----- Supplied records -----
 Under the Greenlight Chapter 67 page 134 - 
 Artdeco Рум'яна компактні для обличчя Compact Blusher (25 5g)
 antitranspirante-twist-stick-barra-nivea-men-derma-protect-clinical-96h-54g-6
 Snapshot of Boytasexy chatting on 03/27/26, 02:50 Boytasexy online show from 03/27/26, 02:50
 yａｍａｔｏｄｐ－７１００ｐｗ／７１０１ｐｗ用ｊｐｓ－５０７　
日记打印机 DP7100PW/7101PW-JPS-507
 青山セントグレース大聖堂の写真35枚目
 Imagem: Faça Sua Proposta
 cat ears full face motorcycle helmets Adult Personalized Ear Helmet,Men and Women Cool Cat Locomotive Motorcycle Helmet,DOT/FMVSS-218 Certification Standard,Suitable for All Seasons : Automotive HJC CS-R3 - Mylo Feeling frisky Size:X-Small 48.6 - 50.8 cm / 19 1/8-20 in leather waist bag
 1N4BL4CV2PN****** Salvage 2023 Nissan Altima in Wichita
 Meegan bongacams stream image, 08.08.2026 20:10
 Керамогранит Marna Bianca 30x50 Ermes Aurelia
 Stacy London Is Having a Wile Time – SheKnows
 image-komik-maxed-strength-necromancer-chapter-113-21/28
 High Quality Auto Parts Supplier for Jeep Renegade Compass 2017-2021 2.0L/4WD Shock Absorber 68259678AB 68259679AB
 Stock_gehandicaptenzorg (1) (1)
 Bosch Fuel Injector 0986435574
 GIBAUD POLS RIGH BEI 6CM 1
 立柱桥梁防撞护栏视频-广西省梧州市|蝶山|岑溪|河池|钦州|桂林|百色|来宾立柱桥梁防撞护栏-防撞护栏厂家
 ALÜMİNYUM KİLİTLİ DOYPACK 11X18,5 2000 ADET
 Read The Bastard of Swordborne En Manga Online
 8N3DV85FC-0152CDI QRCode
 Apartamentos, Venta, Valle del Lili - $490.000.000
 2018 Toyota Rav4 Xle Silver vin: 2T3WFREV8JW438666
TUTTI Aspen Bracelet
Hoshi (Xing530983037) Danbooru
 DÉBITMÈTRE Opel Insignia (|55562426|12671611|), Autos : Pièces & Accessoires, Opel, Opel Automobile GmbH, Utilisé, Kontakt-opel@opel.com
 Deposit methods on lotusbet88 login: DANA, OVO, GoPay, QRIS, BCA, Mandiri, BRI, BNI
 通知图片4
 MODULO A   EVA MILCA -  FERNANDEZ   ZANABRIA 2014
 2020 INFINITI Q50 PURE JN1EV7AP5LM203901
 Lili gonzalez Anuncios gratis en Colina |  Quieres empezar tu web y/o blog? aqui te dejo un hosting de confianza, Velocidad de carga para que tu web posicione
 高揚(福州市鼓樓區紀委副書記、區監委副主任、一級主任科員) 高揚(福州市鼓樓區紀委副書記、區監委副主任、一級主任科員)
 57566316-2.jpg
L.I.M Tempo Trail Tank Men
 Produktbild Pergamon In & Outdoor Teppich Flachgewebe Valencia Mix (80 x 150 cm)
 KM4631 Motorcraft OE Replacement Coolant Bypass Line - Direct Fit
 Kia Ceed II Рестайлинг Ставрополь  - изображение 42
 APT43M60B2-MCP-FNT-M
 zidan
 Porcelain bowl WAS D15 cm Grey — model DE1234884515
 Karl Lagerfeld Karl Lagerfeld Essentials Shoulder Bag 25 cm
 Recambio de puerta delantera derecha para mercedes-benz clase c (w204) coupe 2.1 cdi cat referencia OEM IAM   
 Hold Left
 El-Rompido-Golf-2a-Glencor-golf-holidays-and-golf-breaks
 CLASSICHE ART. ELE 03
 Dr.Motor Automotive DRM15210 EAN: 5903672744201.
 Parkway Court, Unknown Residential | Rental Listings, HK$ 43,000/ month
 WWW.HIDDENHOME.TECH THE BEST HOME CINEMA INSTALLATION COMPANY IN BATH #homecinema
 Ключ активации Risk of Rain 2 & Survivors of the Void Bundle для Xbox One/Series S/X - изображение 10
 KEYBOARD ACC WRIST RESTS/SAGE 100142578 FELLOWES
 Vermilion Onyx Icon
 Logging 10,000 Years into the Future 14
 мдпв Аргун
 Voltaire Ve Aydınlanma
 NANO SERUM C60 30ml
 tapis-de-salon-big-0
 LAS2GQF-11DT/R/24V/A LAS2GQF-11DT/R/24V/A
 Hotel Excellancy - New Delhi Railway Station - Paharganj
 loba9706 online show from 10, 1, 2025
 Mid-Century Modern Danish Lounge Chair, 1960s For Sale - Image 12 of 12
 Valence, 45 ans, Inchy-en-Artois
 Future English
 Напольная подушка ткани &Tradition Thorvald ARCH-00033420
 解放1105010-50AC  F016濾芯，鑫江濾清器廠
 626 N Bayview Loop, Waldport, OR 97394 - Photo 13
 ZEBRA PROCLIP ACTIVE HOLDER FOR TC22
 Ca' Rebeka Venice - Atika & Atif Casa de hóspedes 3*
-----
From the data above, reproduce word for word the lines running from the line with "Apartamentos, Venta, Valle" to the line with "DÉBITMÈTRE Opel Insignia", ends included.

 Apartamentos, Venta, Valle del Lili - $490.000.000
 2018 Toyota Rav4 Xle Silver vin: 2T3WFREV8JW438666
TUTTI Aspen Bracelet
Hoshi (Xing530983037) Danbooru
 DÉBITMÈTRE Opel Insignia (|55562426|12671611|), Autos : Pièces & Accessoires, Opel, Opel Automobile GmbH, Utilisé, Kontakt-opel@opel.com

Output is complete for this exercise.